On demand decision making allows agents to request decisions from their brains only when needed instead of requesting decisions at a fixed frequency. This is useful when the agents commit to an action for a variable number of steps or when the agents cannot make decisions at the same time. This typically the case for turn based games, games where agents must react to events or games where agents can take actions of variable duration.

How to use

In the agent inspector, there is a checkbox called On Demand Decision

Brain Inspector

  • If On Demand Decision is not checked, all the agents will request a new decision every Decision Frequency steps and perform an action every step. In the example above, CollectObservations() will be called every 5 steps and AgentAct() will be called at every step. This means that the agent will reuse the decision the brain has given it.
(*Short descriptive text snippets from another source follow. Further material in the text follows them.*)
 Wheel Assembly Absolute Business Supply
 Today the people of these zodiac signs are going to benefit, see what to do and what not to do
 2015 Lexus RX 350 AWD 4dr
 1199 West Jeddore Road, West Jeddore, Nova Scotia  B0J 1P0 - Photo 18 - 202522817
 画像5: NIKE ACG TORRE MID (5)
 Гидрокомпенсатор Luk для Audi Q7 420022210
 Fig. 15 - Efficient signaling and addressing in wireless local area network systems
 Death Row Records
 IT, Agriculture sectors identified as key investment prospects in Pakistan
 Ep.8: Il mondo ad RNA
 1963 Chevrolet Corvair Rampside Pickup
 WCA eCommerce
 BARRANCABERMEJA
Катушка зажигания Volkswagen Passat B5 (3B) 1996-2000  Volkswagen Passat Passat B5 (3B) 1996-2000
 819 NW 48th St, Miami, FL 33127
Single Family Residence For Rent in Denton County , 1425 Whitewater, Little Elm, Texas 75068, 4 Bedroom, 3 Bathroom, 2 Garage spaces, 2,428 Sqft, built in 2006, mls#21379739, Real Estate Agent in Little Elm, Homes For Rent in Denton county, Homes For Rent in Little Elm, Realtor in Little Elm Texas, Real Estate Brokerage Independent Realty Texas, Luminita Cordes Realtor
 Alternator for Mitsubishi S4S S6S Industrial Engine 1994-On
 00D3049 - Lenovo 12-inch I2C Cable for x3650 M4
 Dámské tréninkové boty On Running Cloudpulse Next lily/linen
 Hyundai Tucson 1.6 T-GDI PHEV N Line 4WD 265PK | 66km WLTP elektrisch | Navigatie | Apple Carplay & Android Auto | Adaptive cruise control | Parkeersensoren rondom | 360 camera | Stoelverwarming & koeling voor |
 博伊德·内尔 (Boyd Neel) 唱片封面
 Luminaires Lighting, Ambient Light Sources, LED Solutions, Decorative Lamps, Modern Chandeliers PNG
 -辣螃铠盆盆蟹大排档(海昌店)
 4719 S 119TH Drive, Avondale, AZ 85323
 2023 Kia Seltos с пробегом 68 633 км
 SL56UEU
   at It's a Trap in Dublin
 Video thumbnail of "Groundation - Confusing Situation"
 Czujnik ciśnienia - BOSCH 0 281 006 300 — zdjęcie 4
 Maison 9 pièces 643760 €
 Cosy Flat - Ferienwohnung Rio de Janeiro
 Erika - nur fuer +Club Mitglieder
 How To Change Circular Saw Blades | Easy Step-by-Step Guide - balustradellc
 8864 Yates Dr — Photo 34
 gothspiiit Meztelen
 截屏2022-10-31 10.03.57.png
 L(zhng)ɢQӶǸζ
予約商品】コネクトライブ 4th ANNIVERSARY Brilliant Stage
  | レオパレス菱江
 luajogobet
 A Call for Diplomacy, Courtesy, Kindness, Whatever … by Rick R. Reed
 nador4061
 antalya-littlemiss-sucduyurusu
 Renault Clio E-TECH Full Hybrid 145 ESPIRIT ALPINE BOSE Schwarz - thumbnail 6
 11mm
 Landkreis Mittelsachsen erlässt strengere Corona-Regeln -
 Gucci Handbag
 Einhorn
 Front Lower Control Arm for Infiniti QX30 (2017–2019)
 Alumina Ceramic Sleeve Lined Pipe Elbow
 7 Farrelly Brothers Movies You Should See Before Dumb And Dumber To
  • If On Demand Decision is checked, you are in charge of telling the agent when to request a decision and when to request an action. To do so, call the following methods on your agent component.

    • RequestDecision() Call this method to signal the agent that it must collect its observations and ask the brain for a decision at the next step of the simulation. Note that when an agent requests a decision, it will also request an action automatically (This is to ensure that all decisions lead to an action during training)
    • RequestAction() Call this method to signal the agent that it must reuse its previous action at the next step of the simulation. The Agent will not ask the brain for a new decision, it will just call AgentAct() with the same action.